Court:Glazebrook, William Young and O'Regan JJ

Counsel:S J Lance for Appellant


M D Downs for Crown

Judgment:30 May 2005 

(On the papers)

JUDGMENT OF THE COURT

We allow the appeal against sentence, quash the sentence imposed in the District Court, and substitute a sentence of four years and six months imprisonment on each charge, to be served concurrently.

REASONS

(Given by O’Regan J)

Introduction   

[1]        Mr Hirawani was convicted by a jury on 8 October 2003 on 369 counts of using a document pursuant to s 229A of the Crimes Act 1961 (now repealed).  The maximum penalty on each count is seven years imprisonment.  Mr Hirawani was sentenced by Judge Epati to five years imprisonment.  He originally appealed against both conviction and sentence, but the conviction appeal has since been abandoned.
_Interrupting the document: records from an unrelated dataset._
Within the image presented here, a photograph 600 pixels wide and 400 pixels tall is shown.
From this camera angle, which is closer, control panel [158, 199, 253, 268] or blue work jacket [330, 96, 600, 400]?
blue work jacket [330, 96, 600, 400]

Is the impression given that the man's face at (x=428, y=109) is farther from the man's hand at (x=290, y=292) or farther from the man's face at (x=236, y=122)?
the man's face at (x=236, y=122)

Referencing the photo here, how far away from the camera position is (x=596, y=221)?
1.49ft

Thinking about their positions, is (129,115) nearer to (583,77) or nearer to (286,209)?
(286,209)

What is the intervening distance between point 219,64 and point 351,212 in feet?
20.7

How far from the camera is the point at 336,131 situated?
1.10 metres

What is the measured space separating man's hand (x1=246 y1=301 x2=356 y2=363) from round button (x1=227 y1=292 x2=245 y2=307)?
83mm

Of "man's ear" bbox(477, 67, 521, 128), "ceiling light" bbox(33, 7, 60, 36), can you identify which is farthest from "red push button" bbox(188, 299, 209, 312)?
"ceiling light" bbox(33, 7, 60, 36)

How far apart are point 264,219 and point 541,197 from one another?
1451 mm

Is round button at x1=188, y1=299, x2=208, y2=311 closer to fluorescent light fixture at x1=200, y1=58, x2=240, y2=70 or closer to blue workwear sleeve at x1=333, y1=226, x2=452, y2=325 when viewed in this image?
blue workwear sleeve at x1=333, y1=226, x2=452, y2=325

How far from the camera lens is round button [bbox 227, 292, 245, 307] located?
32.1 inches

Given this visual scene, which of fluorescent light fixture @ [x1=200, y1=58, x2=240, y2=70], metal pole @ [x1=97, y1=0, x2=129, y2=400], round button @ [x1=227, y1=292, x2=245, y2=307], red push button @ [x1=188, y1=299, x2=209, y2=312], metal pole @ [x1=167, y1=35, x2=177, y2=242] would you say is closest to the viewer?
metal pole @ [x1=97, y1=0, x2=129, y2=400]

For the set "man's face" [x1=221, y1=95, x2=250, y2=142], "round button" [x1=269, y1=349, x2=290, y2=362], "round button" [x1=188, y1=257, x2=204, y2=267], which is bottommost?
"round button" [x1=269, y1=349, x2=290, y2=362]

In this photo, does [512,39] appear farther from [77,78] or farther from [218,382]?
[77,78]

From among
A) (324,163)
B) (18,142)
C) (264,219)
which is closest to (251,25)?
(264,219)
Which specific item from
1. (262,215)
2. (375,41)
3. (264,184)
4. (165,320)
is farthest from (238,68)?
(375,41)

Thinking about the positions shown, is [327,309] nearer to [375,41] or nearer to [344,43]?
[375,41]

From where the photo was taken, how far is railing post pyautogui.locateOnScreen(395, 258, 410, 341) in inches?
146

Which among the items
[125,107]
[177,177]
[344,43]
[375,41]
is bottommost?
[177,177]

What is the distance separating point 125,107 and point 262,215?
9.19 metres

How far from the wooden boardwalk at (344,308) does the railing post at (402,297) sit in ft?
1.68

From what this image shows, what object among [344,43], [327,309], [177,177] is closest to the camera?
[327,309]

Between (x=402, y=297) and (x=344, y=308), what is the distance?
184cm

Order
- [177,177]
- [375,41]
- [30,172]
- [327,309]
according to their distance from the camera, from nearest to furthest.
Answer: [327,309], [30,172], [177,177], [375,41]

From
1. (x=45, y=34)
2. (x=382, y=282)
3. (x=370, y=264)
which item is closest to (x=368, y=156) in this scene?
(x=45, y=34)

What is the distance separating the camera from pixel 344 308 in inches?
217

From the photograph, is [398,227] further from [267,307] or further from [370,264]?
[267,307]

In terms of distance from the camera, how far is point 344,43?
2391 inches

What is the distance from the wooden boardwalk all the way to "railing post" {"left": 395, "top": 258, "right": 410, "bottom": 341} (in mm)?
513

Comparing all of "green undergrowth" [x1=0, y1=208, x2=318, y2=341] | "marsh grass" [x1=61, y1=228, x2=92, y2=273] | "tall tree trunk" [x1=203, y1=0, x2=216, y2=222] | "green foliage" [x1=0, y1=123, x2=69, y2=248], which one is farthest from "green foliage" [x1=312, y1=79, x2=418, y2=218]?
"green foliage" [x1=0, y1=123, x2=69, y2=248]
[2]        This appeal against sentence has been heard on the papers under s 392B of the Crimes Act 1961.  The relevant materials, including written submissions which have been received in accordance with r 29 of the Court of Appeal (Criminal) Rules 2001, have been considered by the members of the Court who have conferred and agreed upon this judgment.

Facts

[3]        Mr Hirawani claimed false rebates in his personal tax returns.  He did this under two names: “Peter Charles Hirawani” and “Pita Paeroa”.  Having been successful in this for approximately two years, he enlarged the scheme to friends and associates, engaging in an elaborate system of offending.  The scheme grew into a full-scale business.  He pretended to be a tax agent to the Inland Revenue in order to obtain bulk delivery of blank tax return forms.  For his ‘services’ Mr Hirawani received 15% of the refunded tax.  An investigation by the IRD revealed that Mr Hirawani was responsible for the filing of approximately 2000 tax returns relating to between 700-800 different taxpayers.  Those taxpayers are now in debt to Inland Revenue.
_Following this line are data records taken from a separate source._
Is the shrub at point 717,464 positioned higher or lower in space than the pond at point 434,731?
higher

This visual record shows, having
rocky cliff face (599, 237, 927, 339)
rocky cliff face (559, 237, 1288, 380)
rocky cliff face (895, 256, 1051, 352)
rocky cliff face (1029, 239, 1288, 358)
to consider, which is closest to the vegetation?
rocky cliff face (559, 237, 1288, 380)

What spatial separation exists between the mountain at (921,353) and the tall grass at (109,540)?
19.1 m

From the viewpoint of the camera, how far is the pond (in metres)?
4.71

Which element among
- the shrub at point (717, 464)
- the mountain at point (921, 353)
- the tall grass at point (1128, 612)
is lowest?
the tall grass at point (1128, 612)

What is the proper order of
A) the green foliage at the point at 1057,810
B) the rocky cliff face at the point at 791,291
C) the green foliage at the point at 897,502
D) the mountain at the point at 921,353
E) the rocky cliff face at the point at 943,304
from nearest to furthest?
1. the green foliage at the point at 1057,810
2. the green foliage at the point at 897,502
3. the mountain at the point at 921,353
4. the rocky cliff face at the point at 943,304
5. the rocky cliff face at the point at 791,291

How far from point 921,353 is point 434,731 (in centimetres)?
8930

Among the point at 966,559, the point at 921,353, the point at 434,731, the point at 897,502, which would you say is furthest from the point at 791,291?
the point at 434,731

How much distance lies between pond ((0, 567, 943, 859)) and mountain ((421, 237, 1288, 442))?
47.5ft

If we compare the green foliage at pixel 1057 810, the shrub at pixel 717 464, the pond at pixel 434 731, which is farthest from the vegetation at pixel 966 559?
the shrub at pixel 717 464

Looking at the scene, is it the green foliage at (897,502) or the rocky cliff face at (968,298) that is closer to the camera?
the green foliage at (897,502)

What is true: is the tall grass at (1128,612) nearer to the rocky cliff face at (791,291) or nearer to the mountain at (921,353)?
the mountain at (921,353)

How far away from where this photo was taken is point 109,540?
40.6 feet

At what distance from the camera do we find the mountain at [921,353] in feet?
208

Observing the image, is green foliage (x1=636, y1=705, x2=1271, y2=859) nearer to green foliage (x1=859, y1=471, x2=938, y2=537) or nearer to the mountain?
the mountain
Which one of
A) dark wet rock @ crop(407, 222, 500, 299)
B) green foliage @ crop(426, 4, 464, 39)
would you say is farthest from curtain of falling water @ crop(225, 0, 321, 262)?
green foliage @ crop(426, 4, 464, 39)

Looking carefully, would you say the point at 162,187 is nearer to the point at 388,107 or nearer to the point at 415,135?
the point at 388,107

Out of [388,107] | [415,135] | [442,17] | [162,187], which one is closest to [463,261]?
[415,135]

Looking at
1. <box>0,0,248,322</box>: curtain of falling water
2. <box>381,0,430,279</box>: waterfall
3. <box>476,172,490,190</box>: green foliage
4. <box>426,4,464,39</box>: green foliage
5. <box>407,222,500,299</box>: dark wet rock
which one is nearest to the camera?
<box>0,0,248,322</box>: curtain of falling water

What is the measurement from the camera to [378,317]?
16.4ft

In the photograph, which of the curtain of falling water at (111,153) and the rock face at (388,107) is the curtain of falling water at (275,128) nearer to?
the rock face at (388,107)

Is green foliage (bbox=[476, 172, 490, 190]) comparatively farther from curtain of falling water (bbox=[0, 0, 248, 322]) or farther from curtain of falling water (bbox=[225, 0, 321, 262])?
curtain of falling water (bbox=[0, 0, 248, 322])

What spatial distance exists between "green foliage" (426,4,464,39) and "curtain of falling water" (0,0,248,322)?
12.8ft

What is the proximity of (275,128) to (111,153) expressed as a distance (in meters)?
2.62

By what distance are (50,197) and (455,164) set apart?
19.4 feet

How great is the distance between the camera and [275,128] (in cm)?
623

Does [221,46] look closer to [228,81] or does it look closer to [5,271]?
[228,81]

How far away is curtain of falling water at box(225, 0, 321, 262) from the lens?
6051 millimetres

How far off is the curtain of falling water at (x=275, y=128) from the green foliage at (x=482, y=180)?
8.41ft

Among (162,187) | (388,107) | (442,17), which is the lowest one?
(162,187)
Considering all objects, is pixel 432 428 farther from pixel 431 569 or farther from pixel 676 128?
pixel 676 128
[4]        The false information contained in the returns consisted of:

(a)$60 claim for expenses;

(b)Amounts stated as paid for housekeeper/childcare sufficient to allow a complete rebate to be claimed;

(c)Amounts stated paid as donations sufficient to allow a full rebate to be claimed.

The total amount of the improperly obtained deductions was $212,360.81.

Sentencing Remarks

[5]        In his sentencing remarks, Judge Epati said that he took into account the need for accountability, the promotion of responsibility, reparation, protection of the community, denouncement of the criminal conduct and deterrence.  He also took into account the gravity and seriousness of the type of offences committed.

[6]        The Judge viewed the offending as particularly serious in that it was sophisticated, professional and routine.  He agreed with the Crown that the operation was in the nature of a “production line” with routine claiming of false expenses.  The Judge described Mr Hirawani as holding himself out as some sort of a tax consultant, targeting people who were particularly vulnerable such as those from lower socio-economic groups or who otherwise lacked understanding of the tax regime.  Mr Hirawani was in effect running a business complete with business tools such as 0800 phone numbers, computers and staff.  The only purpose of this business was the defrauding of the tax authorities.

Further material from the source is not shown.